EXERCISE DATA:

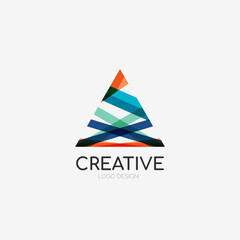 Fototapeta na wymiar Triangle abstract logo, business emblem icon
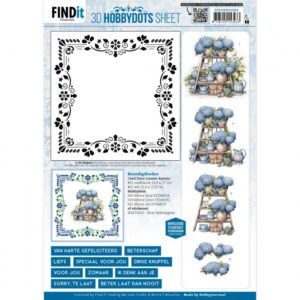 knipvel-3D - Berries Beauties - Blue Hydrangeas 2 - DODOHS10004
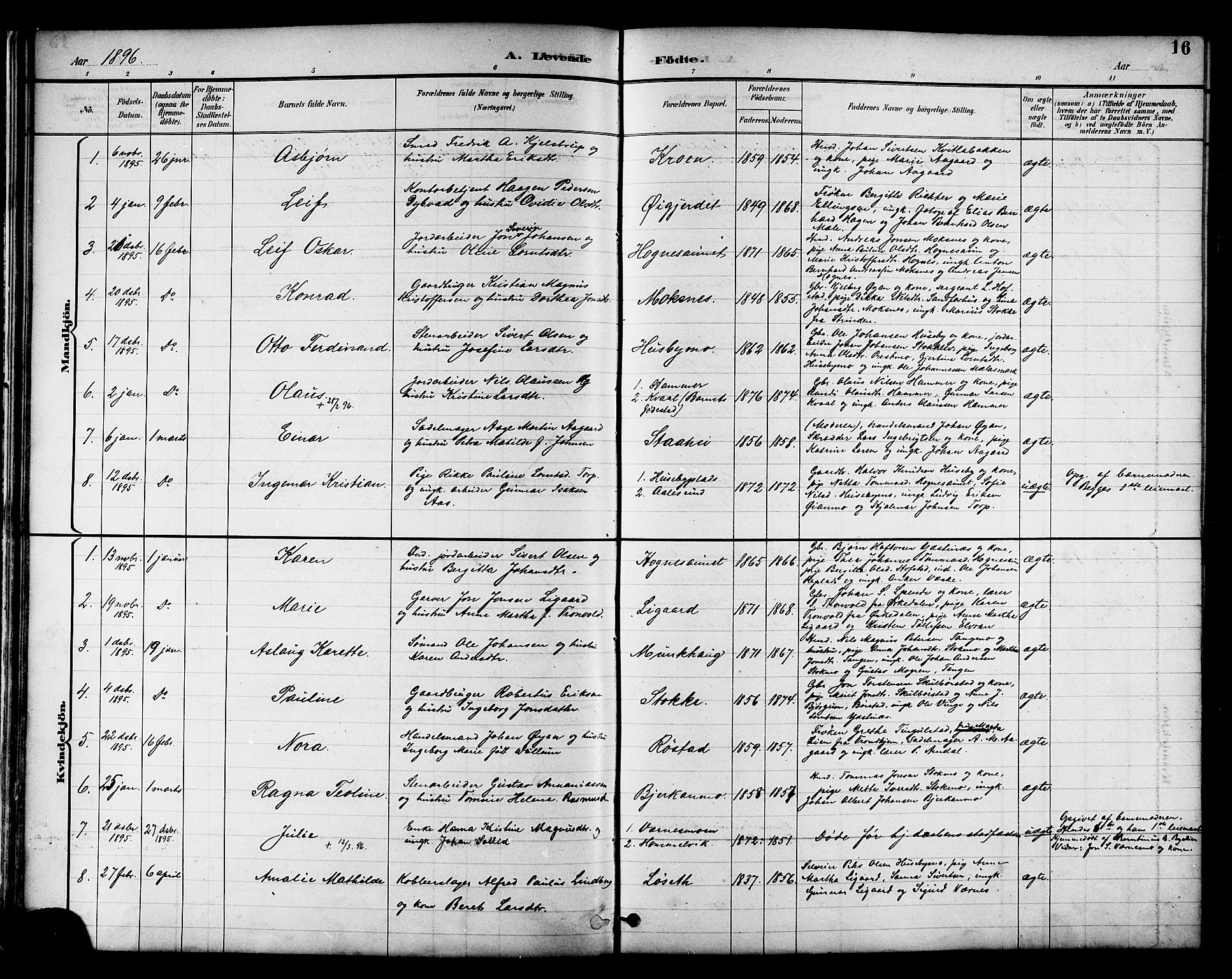 Ministerialprotokoller, klokkerbøker og fødselsregistre - Nord-Trøndelag, SAT/A-1458/709/L0087: Parish register (copy) no. 709C01, 1892-1913, p. 16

WHAT IS NEEDED: Your job is to restate, word for word, only the lines from the one holding "knipvel-3D - Berries" through the end of the material; pictures stay out.

EXERCISE RESPONSE:
 knipvel-3D - Berries Beauties - Blue Hydrangeas 2 - DODOHS10004
 Ministerialprotokoller, klokkerbøker og fødselsregistre - Nord-Trøndelag, SAT/A-1458/709/L0087: Parish register (copy) no. 709C01, 1892-1913, p. 16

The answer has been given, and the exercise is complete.